El paisaje de la Habitación Enorme y sus alrededores es únicamente cuerpos. Los hechos, las descripciones, los recuerdos, las historias, cuando estás dentro, se reducen a ellos. Una constante, los idiomas, las posibilidades de entendimiento en la multitud de lenguas que hablaban los habitantes de la habitación. Pero detrás de ese entendimiento lo profundo es la vida en sus manifestaciones más ¿primarias, directas? Los apodos indican esa carga sentimental. Haciendo un juego con The Pilgrim's Progress, el conocidísimo (en la cultura anglosajona) libro alegórico de John Bunyan, publicado a finales del XVI, considera “montañas deleitosas” a las personas más niñas, más claras, “de risa inimitable”: en el relato de Bunyan la vista desde esas montañas contribuye al consuelo del peregrino, pues están “más cerca del deseado puerto” (o sea: Dios, más o menos). De hecho La Habitación Enorme es una descripción, casi una hagiografía, de una serie de personajes marginales en su dimensión más esencial, vistos desde una proximidad existencial absoluta. Jean le Négre, Zulú, Sobrepelliz (el del “país de las armónicas”), el Vagabundo y los demás constituían, como decíamos, el mundo entero de la existencia carcelaria de nuestro autor. Pero en absoluto las ciudades: ninguna ciudad aparece siquiera como buen recuerdo de los mejores sueños. Nadie hace nunca ningún comentario sobre lo hermoso o lo agradable que era o podría ser cualquier lugar. Nada. No hay nada. Sólo estaba “el inmundo paisaje negro que se divisa desde nuestras ventanas”.
¿Hasta qué punto incomoda esa vida miserable? Hasta ninguno. Simplemente es irrelevante.

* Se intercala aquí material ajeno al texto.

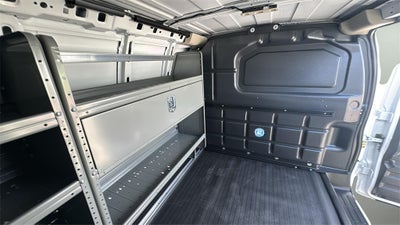 2024 Chevrolet Express Cargo Van Work Van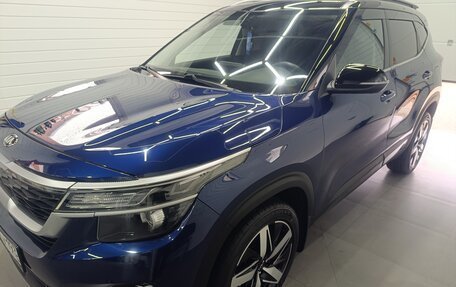 KIA Seltos I, 2020 год, 1 850 000 рублей, 5 фотография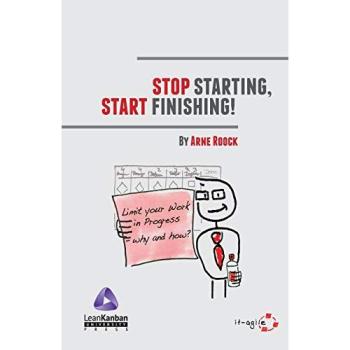 Stop Starting, Start Finishing!
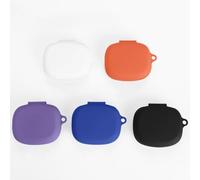 Housse de protection pour casque JBL Endurance Zone - Anti-rayures, antichoc et anti-poussière - Avec crochet - Orange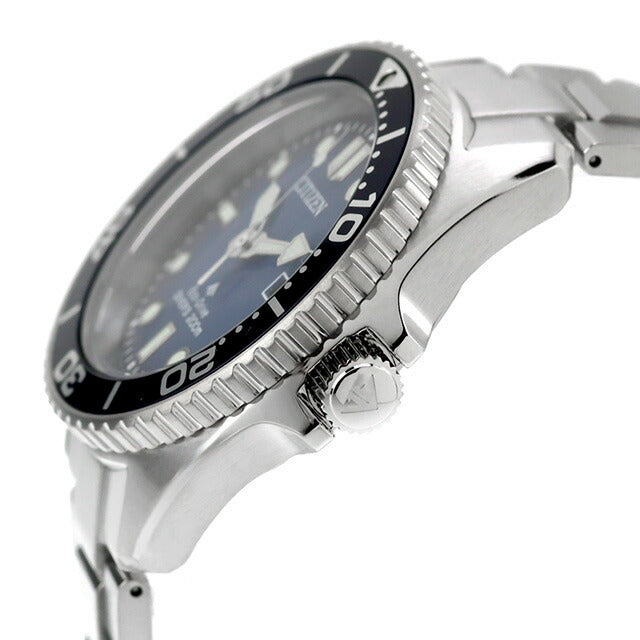 Citizen Promaster Marine Diver 200m Eco Drive Watch Brand Men&
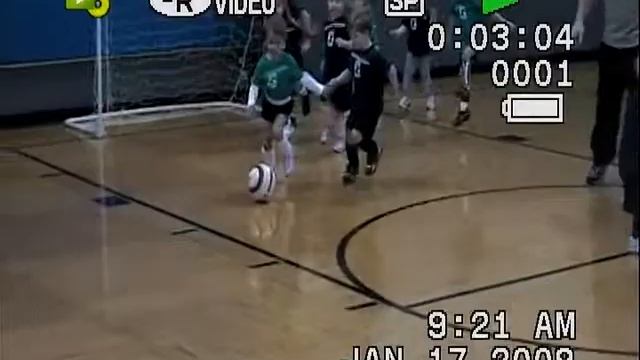 Silas Plays Soccer смотреть онлайн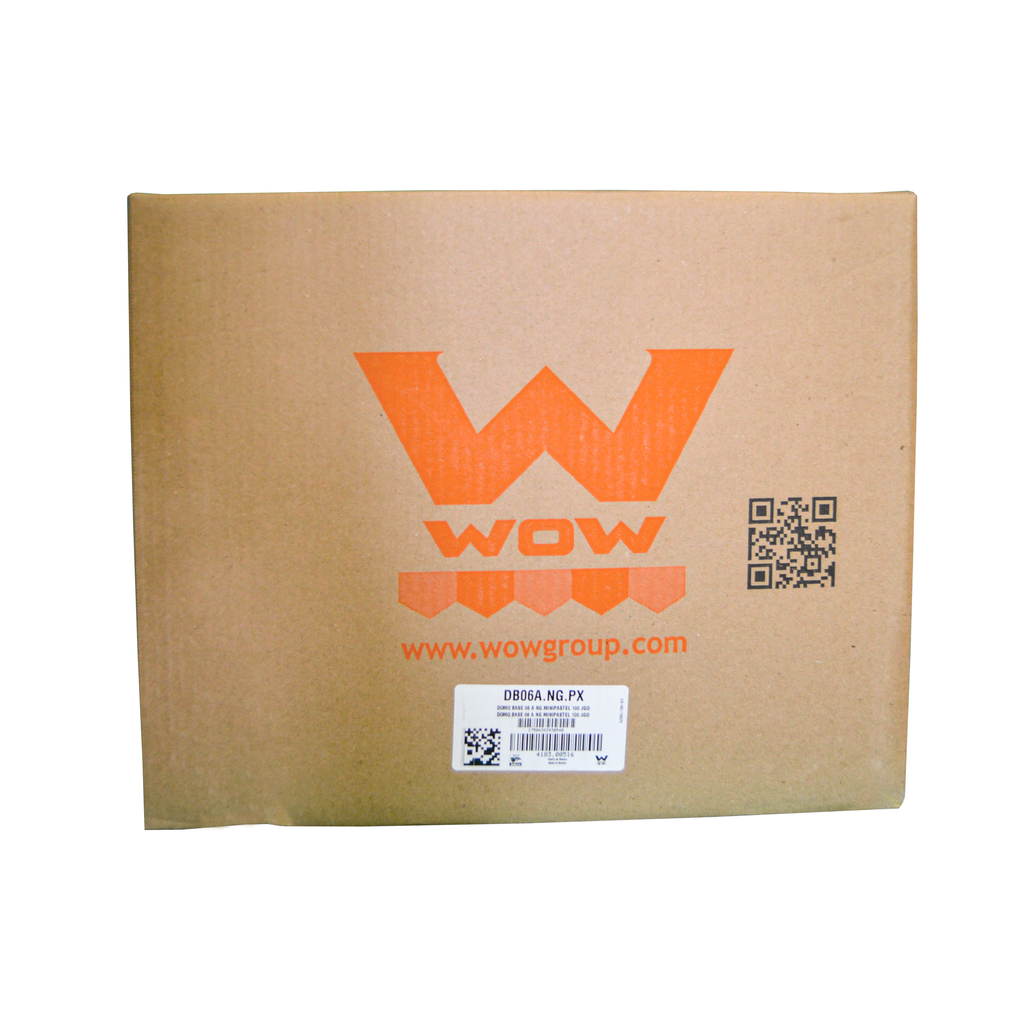 Domo para Pastel Mini WOW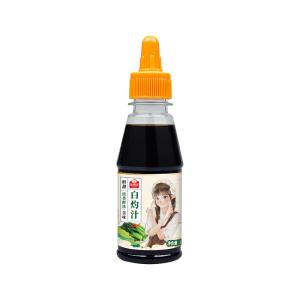 China Customized Chinese Fermented Lite Soy Sauce 150ml FDA Approved wholesale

Cuando la situación supera cierto umbral de inhumanidad, el mundo es otro, casi incomprensible para nosotros ahora. “En La Ferté Macé, rodeado de Las Montañas Deleitosas, fui más feliz de lo que pueden pretender expresar las palabras más entusiastas”. Porque “abandonar La Misère [como denominaba a la cárcel] con el conocimiento, y peor aún, el sentimiento de que algunas de las mejores personas del mundo están condenadas a permanecer presas de ella durante no se sabe cuánto tiempo (…), no puede considerarse, ni aún forzando al máximo la imaginación, como un Final Feliz de una gran aventura personal”. En esas situaciones límite el urbanismo parece superfluo: qué pensamiento tan trivial, pero tan cierto. ¿Podríamos decir entonces que esta disciplina, el urbanismo, no es sino un juego de la gente más o menos ociosa, que puede derramar su mirada sobre el paisaje de las cosas urbanas, una vez abandonado el territorio montañoso de las personas? En efecto, quizá ésa fuese una buena definición para la Habitación Enorme.